I personally almost always get travel insurance, primarily to protect against medical emergencies and evacuation. But not everyone necessarily needs to bring travel insurance to Mexico (it is not a legal requirement to have travel insurance to travel to Mexico).

So read on if you really want to dive in and figure out if it’s worth a purchase in your circumstance.

How to Find Cancel for Any Reason Coverage (CFAR) for Mexico

Travel insurance policies only cover the risks in the contract. Most policies will not cover you if you decide to cancel a trip because of fear of covid-19, an outbreak in your destination, or because of restrictions that ruin the point of your trip (I mean, who wants to go to Mexico City when bars, restaurants, and museums are closed because its stoplight is red?).
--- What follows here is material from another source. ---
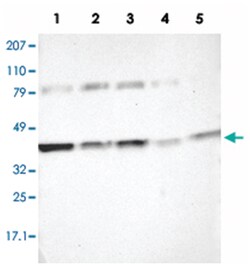 IDH3G, Rabbit, Polyclonal Antibody, Abnova 100&mu;L; Unlabeled:Antibodies,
If you’re worried about these risks, you might look into what’s called “cancel for any reason” or “CFAR” coverage. Though it depends on the specific policy, you can usually make a CFAR claim for non refundable trip expenses for, well, any reason. Of course, it tends to be more significantly expensive, which is why I don’t personally use CFAR coverage.

If you do want CFAR coverage for your Mexico trip (perhaps because you have a lot of non refundable trip expenses), then note that conveniently lets you filter your search results to include only CFAR policies. Here’s a screenshot of how to do that:

Screenshot of a travel insurance booking portal with the option to filter for CFAR policies conveniently lets you filter for cancel for any reason policies

Why I Buy Trip Insurance (And How I Compare)

Reason 1: Medical Coverage

A man on a safe street in Mexico
Me being silly in Valladolid, Mexico (my favorite place to visit!)

The main reason I personally buy Mexico travel insurance is for the travel medical insurance and the evacuation coverage.

This isn’t medical or insurance advice (I’m not qualified to give that), but here’s my personal thinking on the subject of travel medical insurance:

Insurance is a generally good deal if it protects against a financial exigency. For example, it is generally a bad deal over the long run to buy insurance for microwaves. If a microwave breaks you can afford to fix it. And since insurance companies build a profit margin into their premiums, you’ll be saving over the long term by just self-insuring for small risks like this.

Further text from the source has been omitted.